Work to be completed —
Without reproducing any image, print the listing below exactly.

Input data —
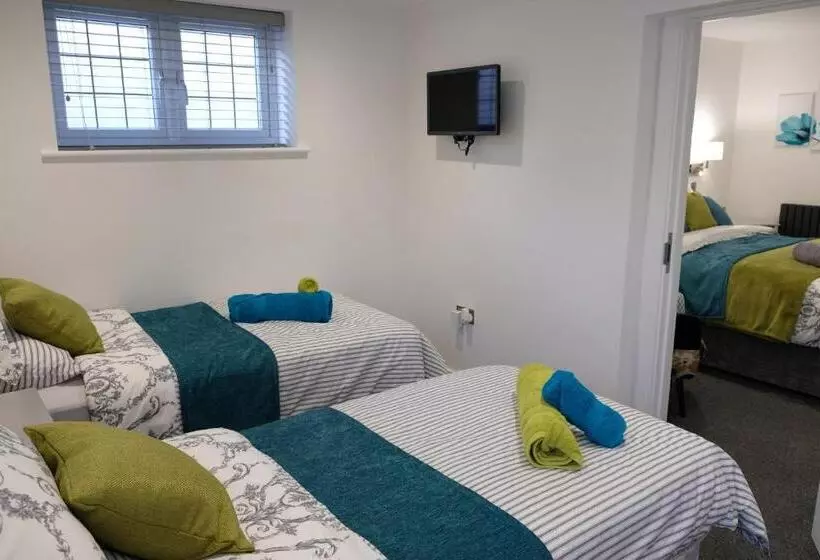 پانسیون Rosemary House Accommodation Nr Chew Valley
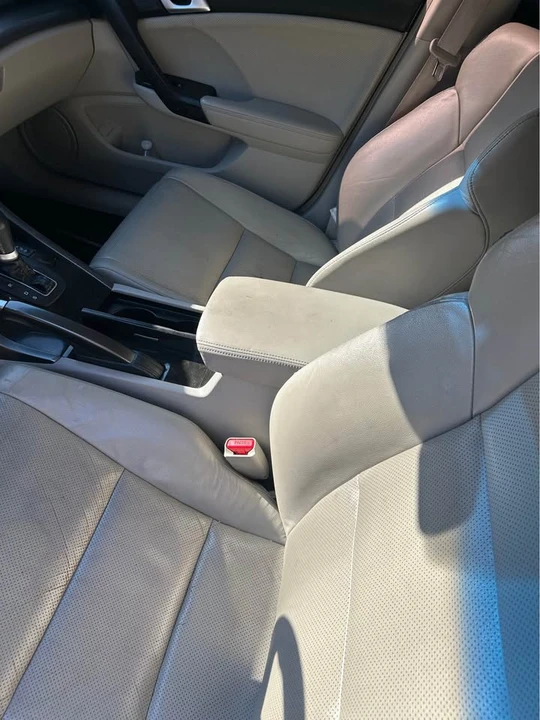 2011 Acura TSX 2nd Gen - Image 10 of 13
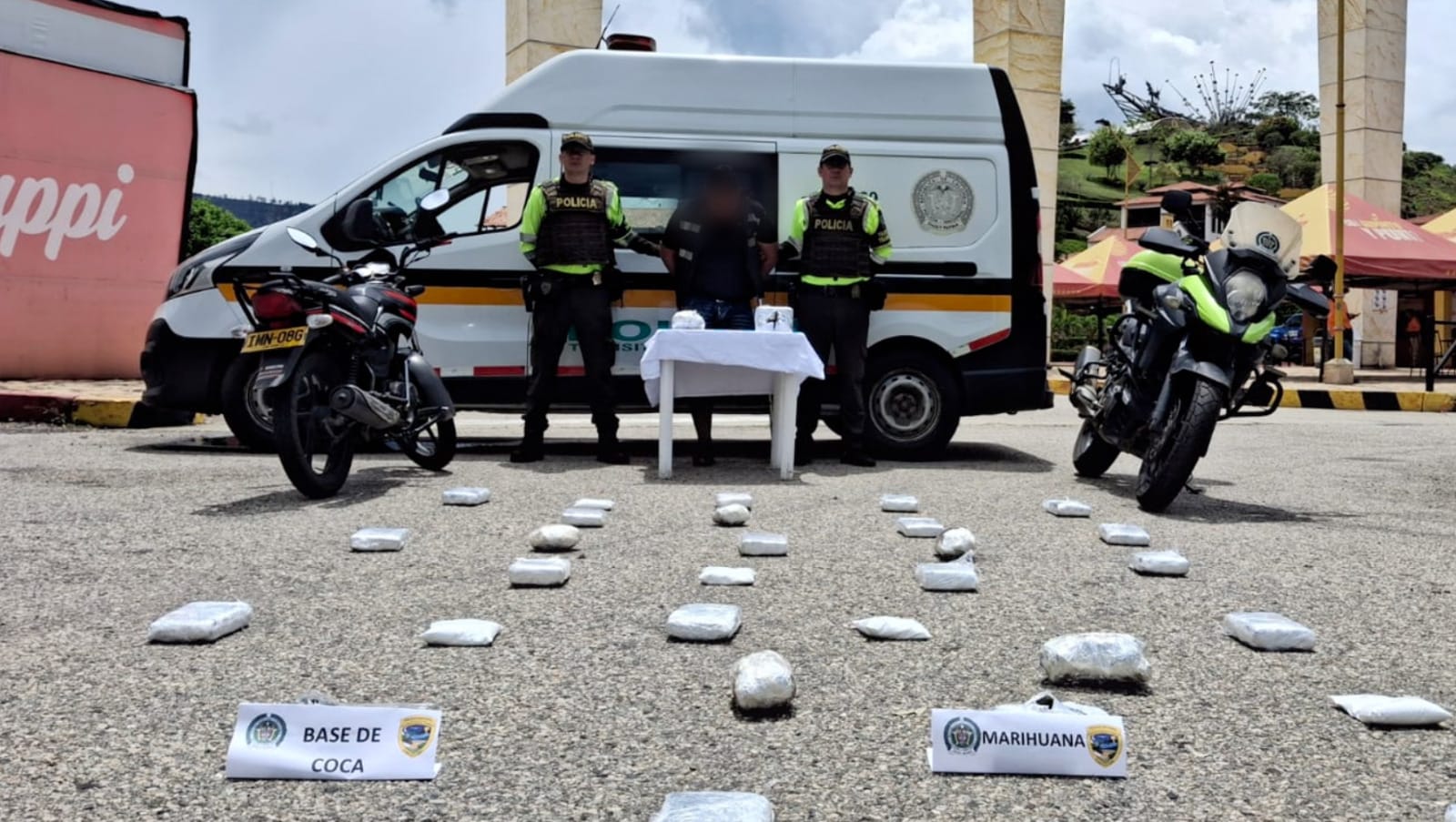 Incautadas más de 15 kilos de droga que viajaban en motocicleta en Santander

Output for this task —
 پانسیون Rosemary House Accommodation Nr Chew Valley
 2011 Acura TSX 2nd Gen - Image 10 of 13
 Incautadas más de 15 kilos de droga que viajaban en motocicleta en Santander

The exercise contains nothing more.